For inactive probabilistic constraints, the procedures for PDF modeling and shifting scalar calculation can be omitted. The statistical moments will be recalculated in each iteration. Thus, the error prediction does not accumulate.

Here, we calculate the probabilistic constraint shifting scalar λ of SOMRA. By using the mathematical model of the SOMRA, the number of reliability assessments will be reduced significantly at the cost of adding several deterministic optimizations.

3.5 Flowchart and procedure of the proposed method

The flowchart of the SOMRA method is given in Fig. 3. It consists of five procedures:

1. 1)

   Definition of the initial design point d⁰. In cycle k(k ≥ 2), the initial design point is taken as the optimal point of the previous cycle.

2. 2)

   Computation of the probabilistic constraint shifting scalar λ according to the proposed method. The shifting scalar λ will be used to update the mathematical model. In the first cycle, λ is set as zero.

3. 3)

   Optimization of the updated mathematical model using sequential quadratic programming (SQP).

4. 4)

   Reliability assessment using the method introduced in Section 2. When obtaining the mean and standard deviation, inactive constraint checking is carried out to judge whether PDF estimation and shifting scalar calculation are necessary.

5. 5)

   End RBDO if the convergence conditions are reached; otherwise, go back to step (1).

Fig. 3

Flowchart of the SOMRA method

4 Applications

In this section, three numerical examples and an engineering application are presented to demonstrate the effectiveness of the SOMRA. For each example, the DLM is based on the performance measurement approach (PMA), and the SORA, the DLM moment-based method, and the SOMRA proposed in this paper are used for optimization. In addition, the optimization results of the DLM based on Monte Carlo simulation (MCS) and the SOMRA based on probabilistic constraints shifting scalar λ^∗ are given in the first two examples. The sampling size of MCS is ten million. The result of DLM + MCS as the reference standard and the relative error is expressed as:

$$ \boldsymbol{Relative}\ \boldsymbol{error}=\frac{\left\Vert {\mathbf{X}}_t-\mathbf{X}\right\Vert }{\left\Vert \mathbf{X}\right\Vert}\times 100\% $$

(27)

where X denotes the design variables of the reference standard and X_t denotes the design variables of different methods. SQP is used to solve deterministic optimization problems and PMA. For every example, the optimal solution of the design variables and objective function, the number of reliability assessments, the number of optimizations, and the number of constraint function evaluations are given.
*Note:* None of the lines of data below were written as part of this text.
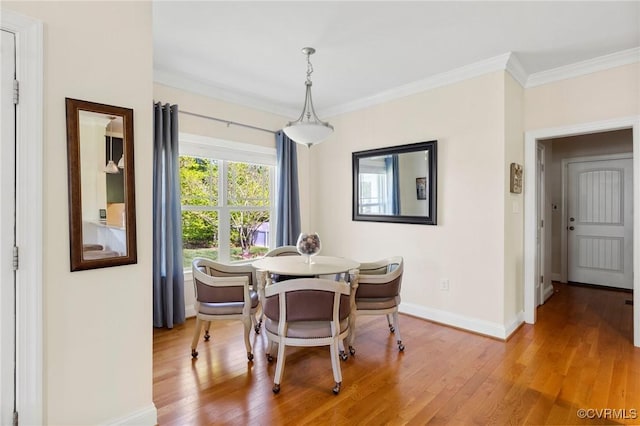 dining space with baseboards, crown molding, and wood finished floors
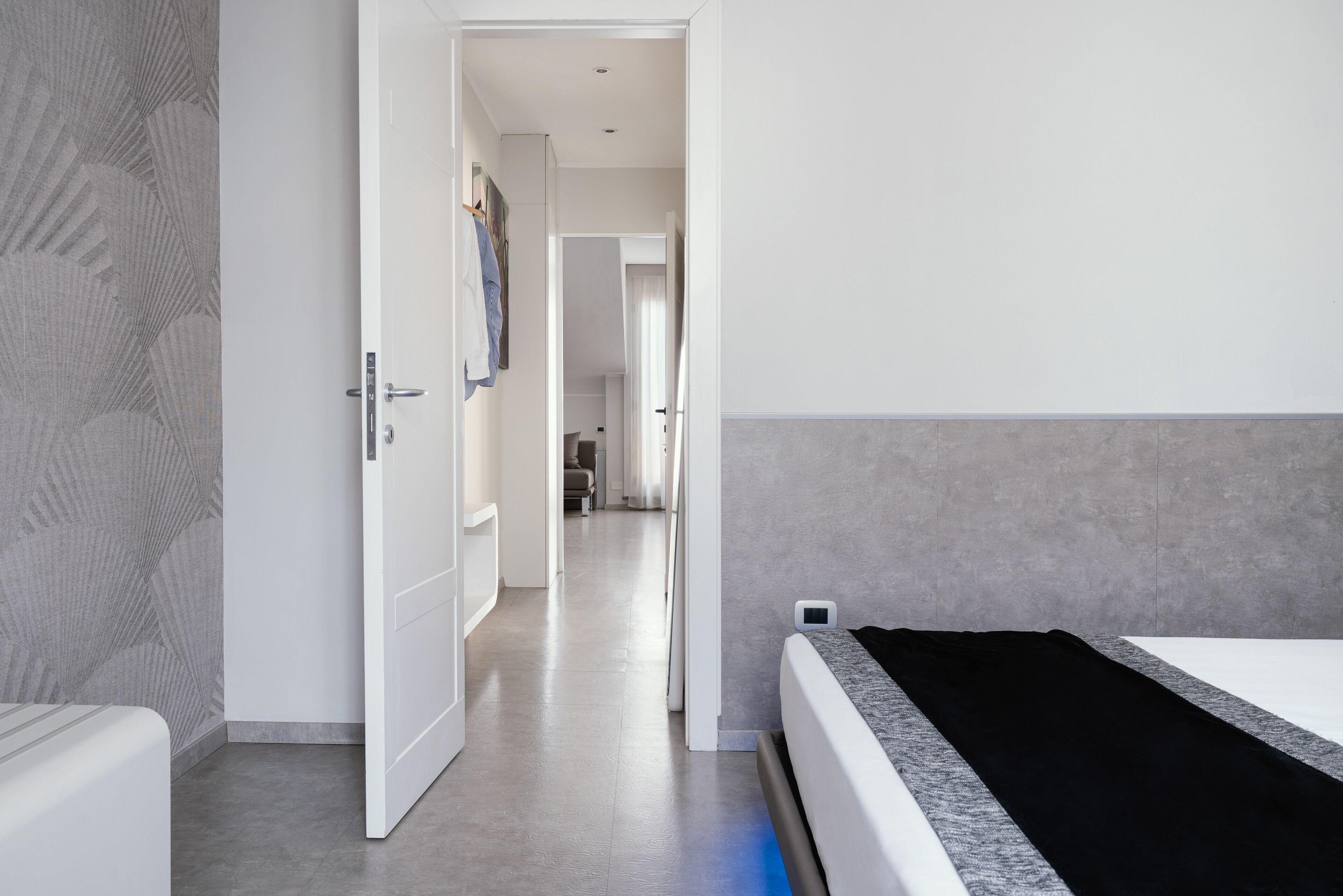Et moderne hotelværelse med en seng, et garderobeskab og en gang, der fører til et andet værelse.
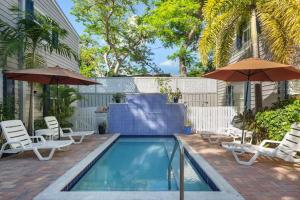 a swimming pool with chairs and umbrellas next to a building at Andros Suite in Key West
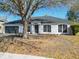 A charming home boasting a well-manicured front yard and inviting facade with ample windows at 4541 Se 30Th St, Ocala, FL 34480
Additionally, the actual reliability index of the design results is assessed through MCS with a sampling size of ten million. All program codes are tested in “MATLAB2016a,” and the SQP algorithm is realized by the optimization routine “fmincon.”

4.1 Numerical example 1

Example 1.1 (Bichon et al. 2008) has two random design variables and two probabilistic constraints. All the random variables are statistically independent and have normal distributions as follows:

$$ {\displaystyle \begin{array}{l}\boldsymbol{find}\kern2em \mathbf{d}={\left[{d}_1,{d}_2\right]}^T\\ {}\min \kern1.25em f\left(\mathbf{d}\right)=\frac{{\left({d}_1+{d}_2-8\right)}^2}{30}+\frac{{\left({d}_1-{d}_2-15\right)}^2}{120}\\ {}\begin{array}{l}\mathrm{s}.\mathrm{t}.\kern2em P\left({g}_i\left(\mathbf{X}\right)\le 0\right)\ge \varPhi \left({\beta}_i\right),i=1,2,3\\ {}\boldsymbol{where}\kern0.75em \begin{array}{l}{g}_1\left(\mathbf{X}\right)=\frac{5-\exp \left(0.8{X}_1-1.5\right)-\exp \left(0.7{X}_2-0.2\right)}{10}\\ {}{g}_2\left(\mathbf{X}\right)=\frac{{\left({X}_1+{X}_2+4.5\right)}^2}{120}+\frac{{\left({X}_1-{X}_2-2.5\right)}^2}{30}-2.3\\ {}\begin{array}{l}0\le {d}_1\le 4,0\le {d}_2\le 5,{X}_i\sim N\left({d}_i,{0.3}^2\right),i=1,2,3\\ {}{\beta}_1={\beta}_2={\beta}_3=2,{d}^{(0)}={\left[3,3\right]}^T\end{array}\end{array}\end{array}\end{array}} $$

The optimization results are shown in Table 1. This problem has only one active constraint g₁. Clearly, the optimization result of the SOMRA converges to the same point as the DLM for the moment-based reliability assessment method, which significantly reduces the number of reliability assessments. The result of the shifting scalar λ^∗ causes a large error as predicted, which means that the modified factor F of the shifting scalar does work. However, the SORA gives the same result as DLM + PMA, although there is no correction of the shifting vector in the optimization process of SORA. In summary, compared with MCS, the accuracies of all the methods are acceptable based on the results of the objective function and reliability indexes, excluding the SOMRA based on the shifting scalar λ^∗. The SOMRA based on MEM provides the best design point with a slightly lower efficiency than SORA.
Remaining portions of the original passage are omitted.